Easily the best part of the package here – and what ties everything together – is the music video. And that’s no reflection on the song, but the video treatment is excellent. It’s essentially Victoria Beckham parodying almost every aspect of her life with an exaggerated comedy that is reminiscent of Absolutely Fabulous. From being haunted by the little black dress that defined her early Posh Spice persona, to sending up her relationship with the paparazzi by taking increasingly desperate steps to get their attention after fearing they’ve lost interest in her. Victoria Beckham had a natural penchant for comedy – as evidenced by her turn in Spiceworld: The Movie – but it often flew under the radar. Here, she shows not just a huge degree of self-awareness but also a remarkable willingness to cut close to the bone; the inclusion of her sprawled across a throne while sporting a crown drawing immediate parallels with her wedding. Yet Victoria Beckham feels in control at all times; she’s in on the joke, and nowhere is that more evident than the closing shot of her flicking two fingers up to the camera. And there is a sense that she had the last laugh with this video, not least because it’s implied that she’s desperate to be awarded an OBE, and although it would take another 14 years, that nightmare need haunt Victoria Beckham no more.

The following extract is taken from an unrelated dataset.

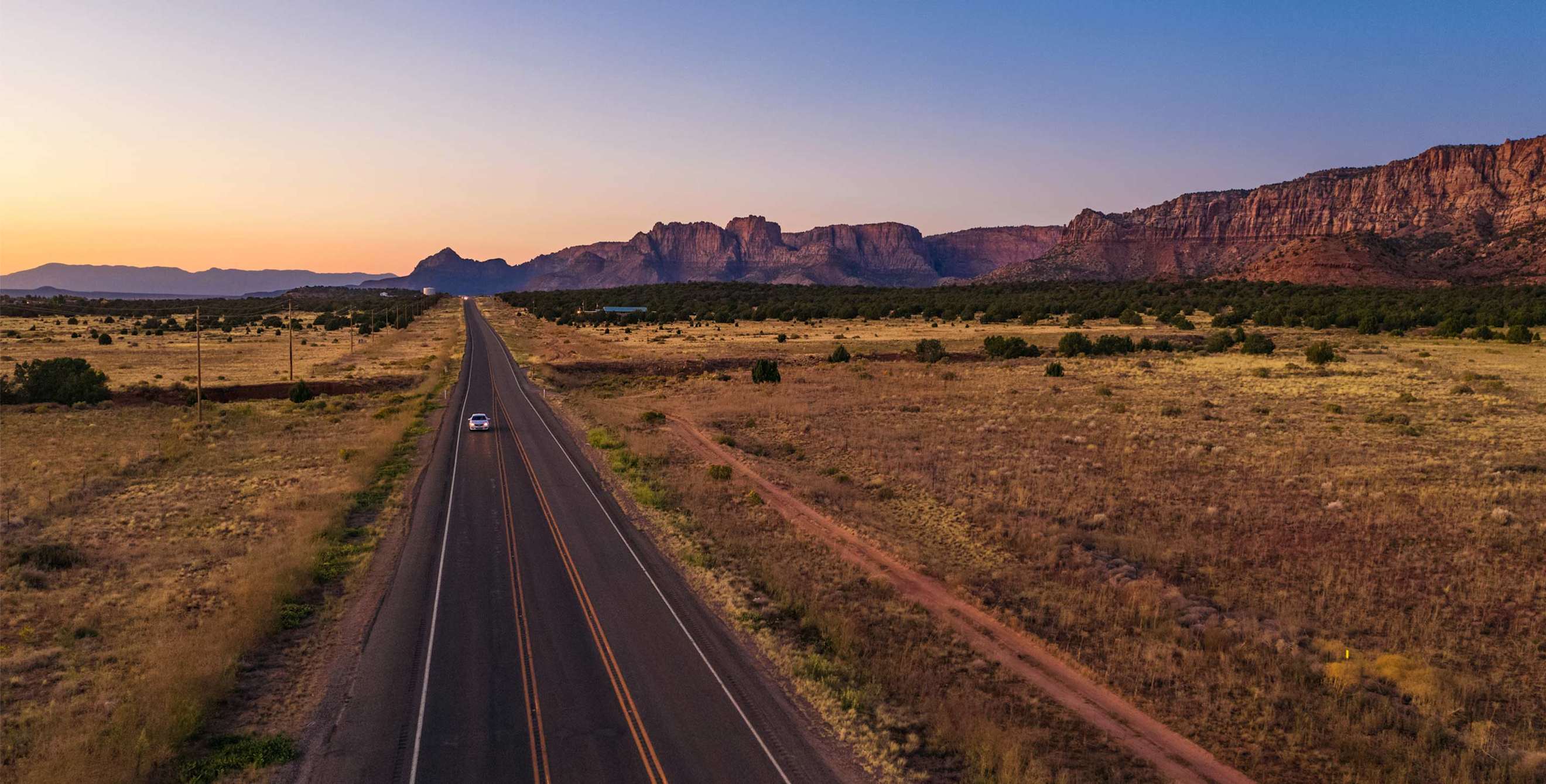 car driving on road near zion national park in utah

One notable aspect surrounding the promotion of This Groove/Let Your Head Go was that it became tied to the re-launch of Top Of The Pops. The show had been experiencing a gradual decrease in viewership, but figures had sunk to such lows by 2003 that a revamp was deemed necessary. It was the last chance for the show to save itself, and most people knew as much, even if it hadn’t been stated in so many words. The relaunch featured Victoria Beckham announcing that she would be promoting her new single in a few weeks, and viewers could vote for which of the two songs they wanted to see her perform. It felt like a sign of desperation from TOTP; it was almost an acknowledgement of a shift in the pop music dynamic, where the show now had considerably less star power than the acts appearing on it. Indeed, such was the prominence with which the TOTP publicised Victoria Beckham’s single (she appeared no less than three separate times to perform This Groove), that even the staunchest fans of the show would admit it had lost the essence of what it once was. Particularly when, after going through the rigmarole of introducing the vote – which Let Your Head Go didn’t win – Victoria Beckham popped up to perform the track two weeks after This Groove anyway.
This Groove / Let Your Head Go debuted at #3 in the UK; in the context of Victoria Beckham’s solo career, it was an improvement on the #6 peak of the two previous singles. But anything less than #1 was going to be seen as a failure, such was the cemented position of her critics. Admittedly, the TOTP promotional blitz didn’t do the campaign any favours; the relaunch was widely panned and the success of the single (four weeks in the top 20) probably didn’t warrant the amount of exposure given to it. Whether she would ever have been able to overcome the growing chasm with Telstar Records label over the direction of the album is anybody’s guess, but in the end, it was a battle no-one needed to fight when the label folded in 2004.
And at that point, Victoria Beckham called it a day with her solo career. Realistically, she was still a big enough name to have signed another deal had she wanted to. But she would always be fighting a (mistaken) perception and with her interests elsewhere, it was a convenient out that allowed her to save face and walk away from the music industry with a 100% strike rate of top ten singles.